I hated the camp, it could've been a cooler adaptation if it was less corny. The transitions were annoying, every 5 seconds a person's head flew by screaming. The CGI was dreadful, all it was was flashing lights, it didn't look like anything but a seizure-fest.


----------



## mystictrunks (Apr 6, 2009)

Chee said:


> I hated the camp, it could've been a cooler adaptation if it was less corny. The transitions were annoying, every 5 seconds a person's head flew by screaming. The CGI was dreadful, all it was was flashing lights, it didn't look like anything but a seizure-fest.



Speed Racer is incredibly corny, there's no way to change that.


I enjoyed the CGI, it reminded me of the kind of stuff I would daydream as when I was little. 

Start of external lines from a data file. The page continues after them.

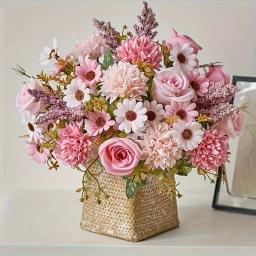 7-bifurcado artificial rosa hortênsia portátil filé de flor rosa flor seca flor de seda margarida decoração de casamento buquê de flores - Image 3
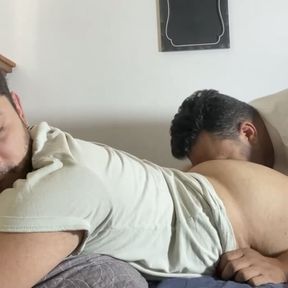 I fuck hot stepson in bed while my wife is away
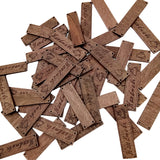 Maxbell 50 Pieces Engraved Pattern Wooden Signs Labels Sewing Craft Scrapbooking DIY Coffee 63mm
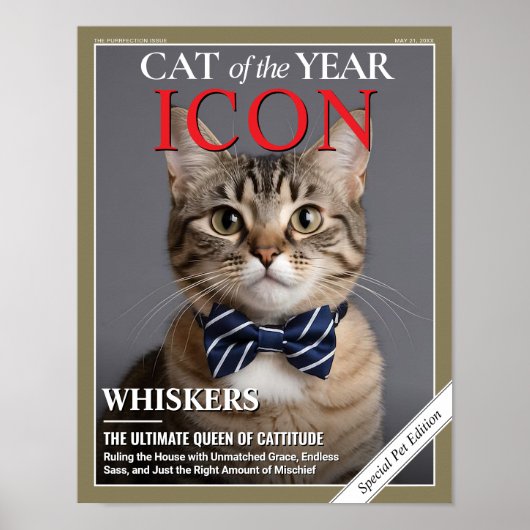 Benutzerdefiniertes Cat Magazine Cover Template Pe Poster (Vorne)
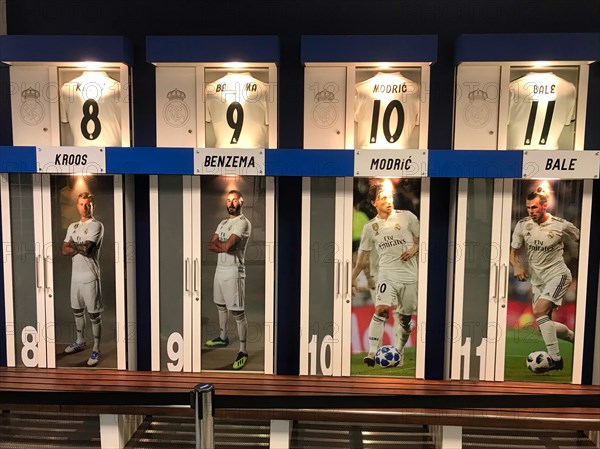 Football stadium Estadio Santiago Bernabeu, players' dressing room, Real Madrid, Madrid, Spain, Europe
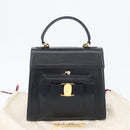 Salvatore Ferragamo Hand Bag Leather 2way Navy Gold Auth ki6504-28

As far as DBE goes from the version I saw it takes itself very seriously. From the interviews I've read the actors approached it as a serious film but it just fell short in most areas. It isn't really bad but it has no redeemable qualities. It's a terrible movie because its really bland. It's like the writers, director, and actors were all trying to do different things and it all exploded into gray goo.


----------



## Chee (Apr 6, 2009)

I hate camp. Even the old Batman shows were campy and the new movies are serious. I know people like camp, but I don't. It bugs me, so I don't like Speed Racer.


----------



## Supa Swag (Apr 6, 2009)

mystictrunks said:


> As far as DBE goes from the version I saw it takes itself very seriously. From the interviews I've read the actors approached it as a serious film but it just fell short in most areas. It isn't really bad but it has no redeemable qualities. It's a terrible movie because its really bland. It's like the writers, director, and actors were all trying to do different things and it all exploded into gray goo.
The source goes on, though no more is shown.